Not that the results were good, mind you. Tebow had power and wheels, but also showed difficulty making contact during batting practice, and scouts reported that he took strange routs in center field and had lackluster arm strength. In short, he looked like what he is: a fantastic athlete, but one who is 29 years old and whose baseball skills are unbelievably raw.
Now, Tim Tebow probably knows this. If he doesn’t, he’s an idiot who doesn’t have nearly enough respect for the sport he wants to play. It takes a lifetime to get good at hitting a baseball, and not every exceptional athlete is cut out to roam around the outfield (Oh hai, Miguel Sano!). Tim Tebow, on the other hand, wanted a shortcut through that process. Trading on his name and his fame, Tebow leveraged his brand to get 28 teams to come to his workout, not to mention several high profile sports reporters with far better things to do. He got the press he wanted. And he signed a sparkling new endorsement contract with Adidas.
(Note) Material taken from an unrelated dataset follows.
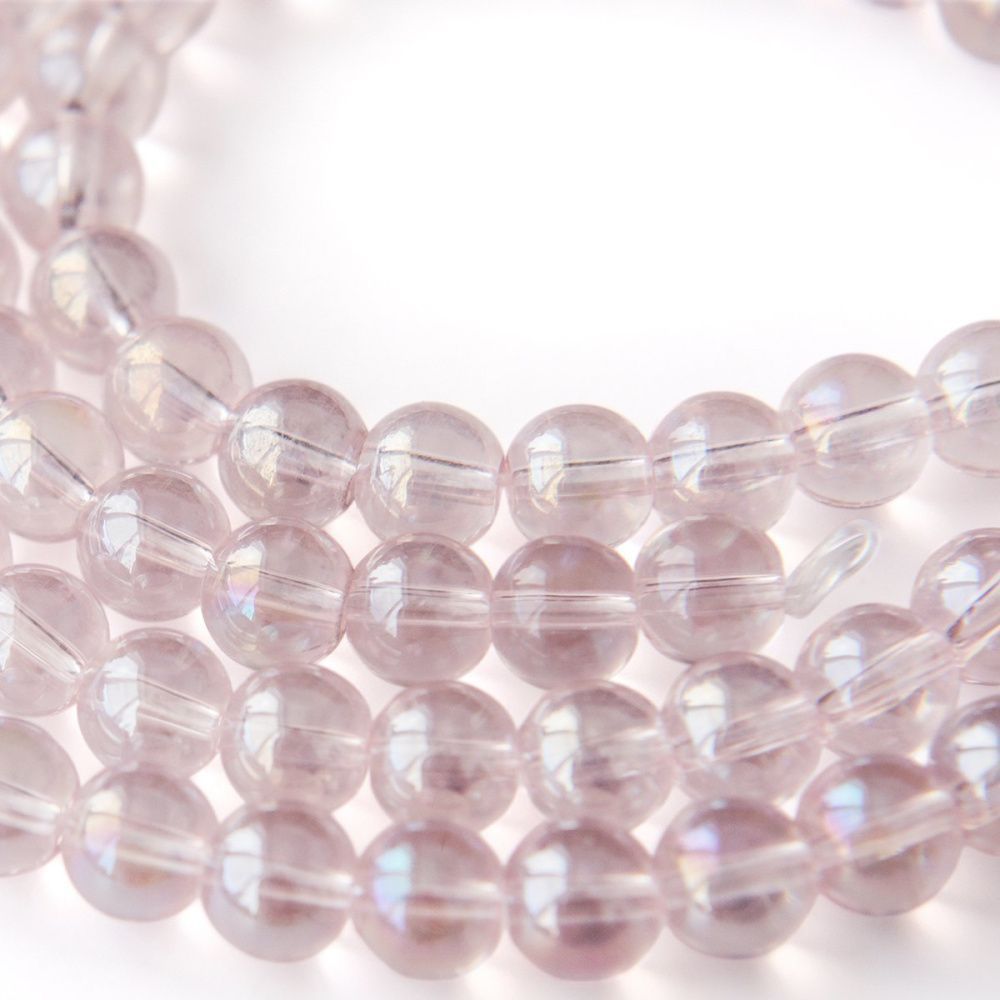 бусина, стекло 8, цвет розовый ав, 8 мм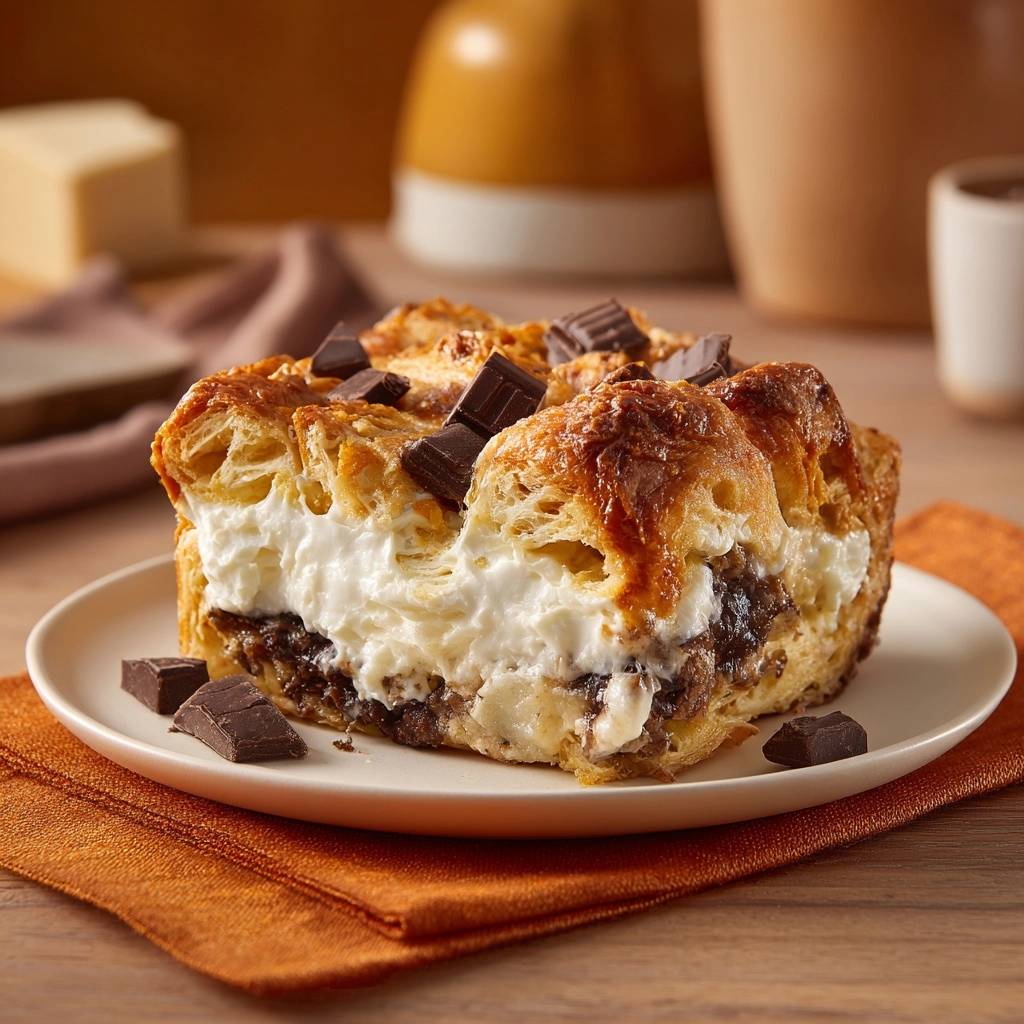 Chocolate cream croissant bake shown in a close-up cross-section, highlighting its flaky pastry and rich filling.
“Serious Baseball People might decry this as a publicity stunt, which it is, but who gives a shit? Tebow got to this level of fame because he’s a compelling human being whose athletic career has been bathed in weirdness wherever he’s gone; how joyless would you have to be to not be at least a little curious what comes next?
It’s a big sports media landscape — there’s plenty of room for Tebow and more serious stories — and baseball is in the dog days of a season that’s played out slowly over months and sometimes feels like it’s played out over centuries. I’m interested just in case Tebow makes good on the minuscule possibility that he can actually play baseball at a high level. And even if he doesn’t, it’s fun to talk about absurd things sometimes. I’m having fun with this, and you should, too.”
Now, I love Baumann; he’s one of my favorite writers and people (don’t you ever tell him that, damn you). But that’s bullshit.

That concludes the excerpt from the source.